A sera ne fa un’altra a Pescara dove, in piazza, parlando con la sua pancia autoritaria, se ne esce con la famigerata frase in cui chiede agli italiani “i pieni poteri”. Quelle parole furono assolutamente determinanti nello svolgimento della crisi. Anche se sciaguratamente gli avversari non ne hanno approfittato a sufficienza, non caratterizzando anche nei mesi successivi il Conte due come governo di “emergenza democratica”.
Ebbene, i quotidiani del giorno dopo, quella frase, non la riportarono. Il Corriere della sera da Pescara riferisce che Salvini ha solo detto che l’Italia “ha bisogno di regole, ordine e disciplina”, mentre la Repubblica si sofferma sulle “sue lacrime di commozione”. La Stampa la fa più grossa con un articolo davvero corrivo e intempestivo di Orsina in cui si dice: “Sia ben chiaro: scrivere i nomi di Mussolini e Salvini nella stessa frase non ha in alcun modo lo scopo di accreditare lo stucchevole allarme sul pericolo fascista che accompagna la Repubblica fin dalla sua nascita, che ha potentemente contribuito ad avvelenare per decenni, e da ultimo ha reso ancor più deprimente il nostro già pessimo dibattito pubblico”.

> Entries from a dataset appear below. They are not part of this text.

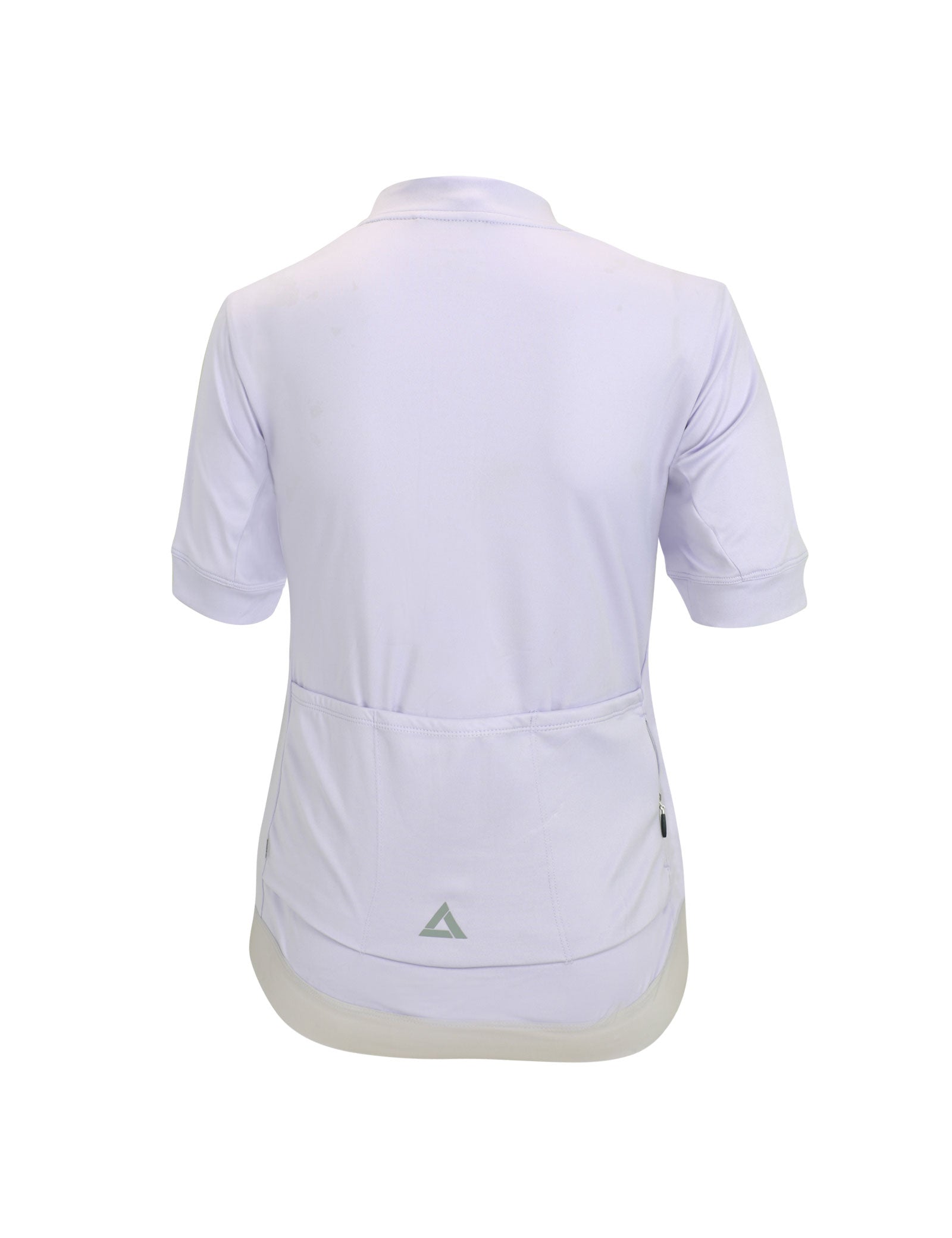 Dames fietstrui korte mouw Comfort Line Aster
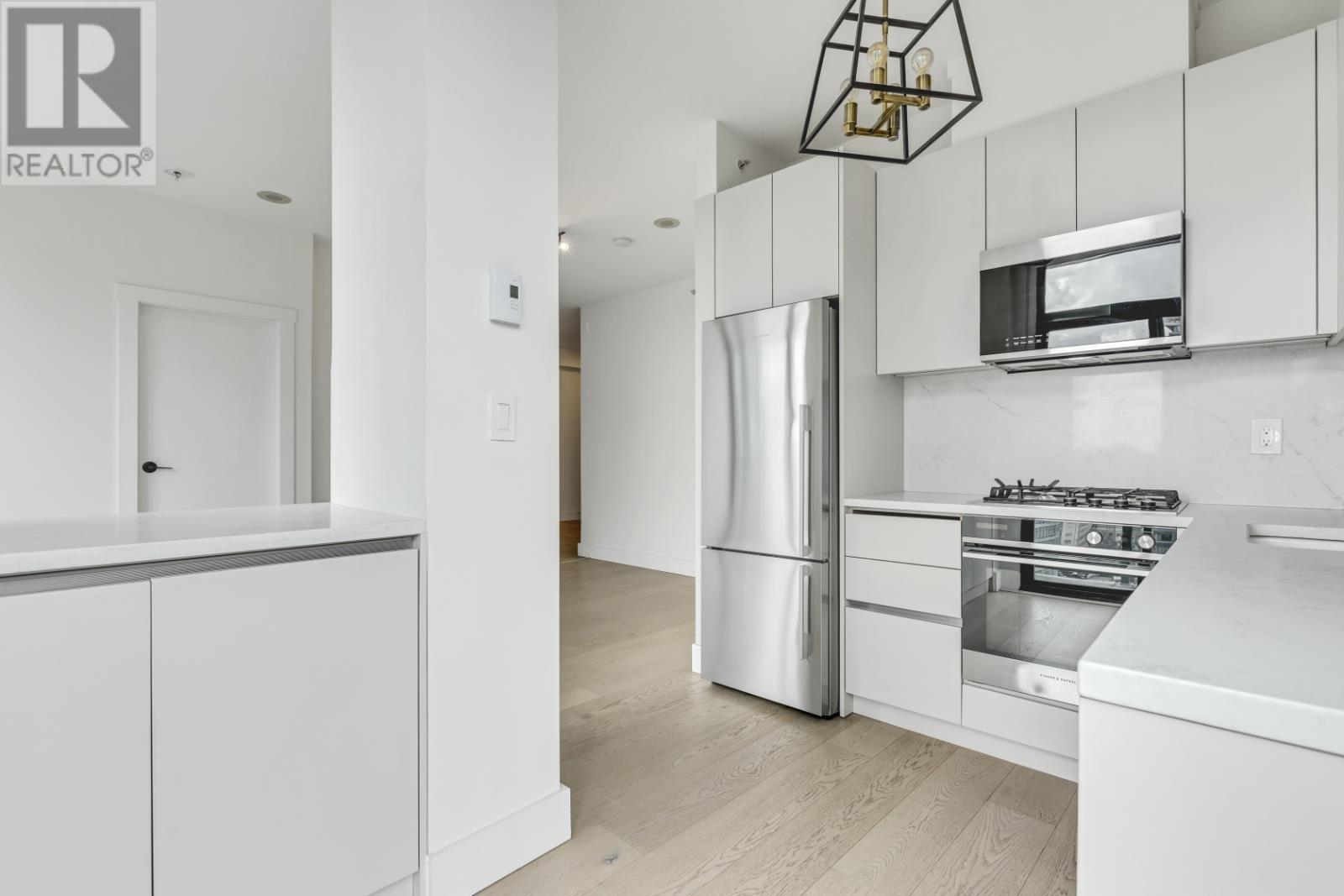 2402 1239 W Georgia Street, Vancouver, British Columbia  V6E 4R8 - Photo 9 - R2994169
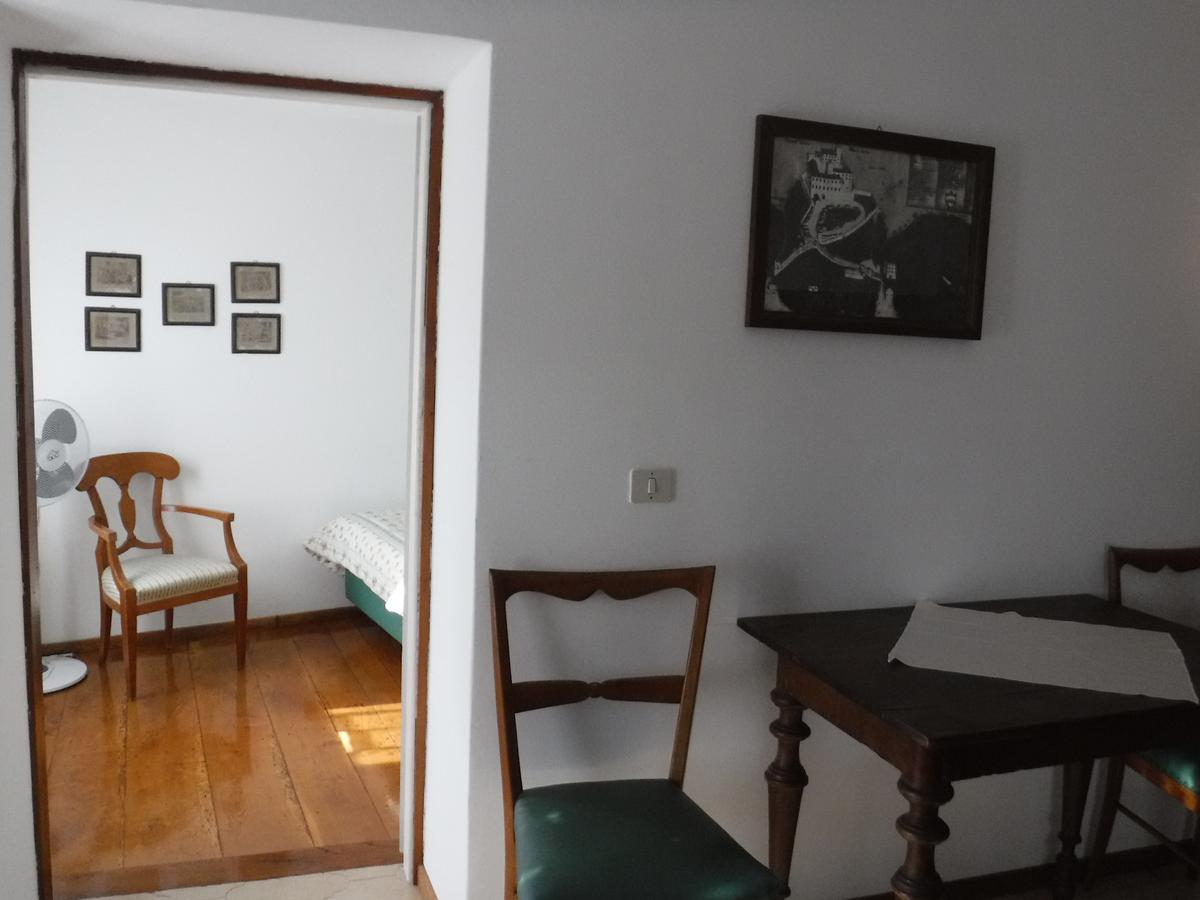 Al Rol Guest House Manzano Екстериор снимка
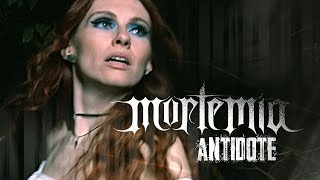 MORTEMIA  Antidote feat Fabienne Erni official videoclip [upl. by Birk]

Anche i quotidiani di destra dimostrano tutta la loro intelligenza buttandosi avanti: Vittorio Feltri su Libero scrive: “Se però (Salvini) sfascia tutto vuol dire che il Capo dello Stato gli ha fatto l’occhiolino”. Ovvio. Alessandro Sallusti non è da meno col suo “La rassegnazione del Colle, nessun intralcio alle elezioni”. Ma certo… Soltanto il Sole 24 ore dà il dovuto rilievo alla notizia e la fa commentare con severità da Oreste Pollicino e Giulio Enea Vigevani: “Esattamente perché siamo in democrazia, nessuno può chiedere ‘pieni poteri’ al popolo italiano, perché tale conferimento colliderebbe frontalmente con qualsiasi modello di democrazia moderna”. I due autori ricordano naturalmente anche i precedenti: il “decreto dei pieni poteri” adottato dal parlamento tedesco nel 1933 e la richiesta di Mussolini dei ‘pieni poteri’, “perché vogliamo assumere le piene responsabilità”.
Il giorno successivo, i giornaloni mostrano di essersi accorti del “buco” preso, ma non ne capiscono ancora l’importanza e non vi impostano alcun titolone, né lo faranno nei giorni successivi. La Repubblica fa scrivere a Messina, che incorpora la notizia nel suo commento e accenna al fatto che le parole di Salvini hanno “preoccupato” il Papa sentendo “discorsi che assomigliano a quelli di Hitler nel ‘34”. Una notizia minore da pagina interna.
Intanto il Corrierone nello stesso giorno fa fondare a Pisapia il “partito di sinistra filoestrema destra” che tuttora si aggira per il paese. Pisapia nell’intervista sollecita le immediate elezioni e proclama il suo no al M5s. Evidentemente gli sono sfuggiti i sondaggi di appena dieci giorni prima e i risultati delle Elezioni europee. In che mani siamo…
Ps. Dimenticavo. Per tornare a Einaudi e al silenzio degli industriali, il presidente della Confindustra Vincenzo Boccia evidentemente non legge il suo giornale perché l’articolo di Pollicino e Vigevani non lo ha preoccupato affatto. Sta in silenzio fino al 21 agosto e al Meeting di Rimini si trasforma in Ponzio Pilato: “Non ci aspettiamo nessun tipo di governo da un punto di vista del colore politico”; e ancora: “Non entriamo nel merito delle tattiche, della questione voto sì o voto no”. Per gli industriali italiani un governo democratico o uno con velleità totalitarie pari sono.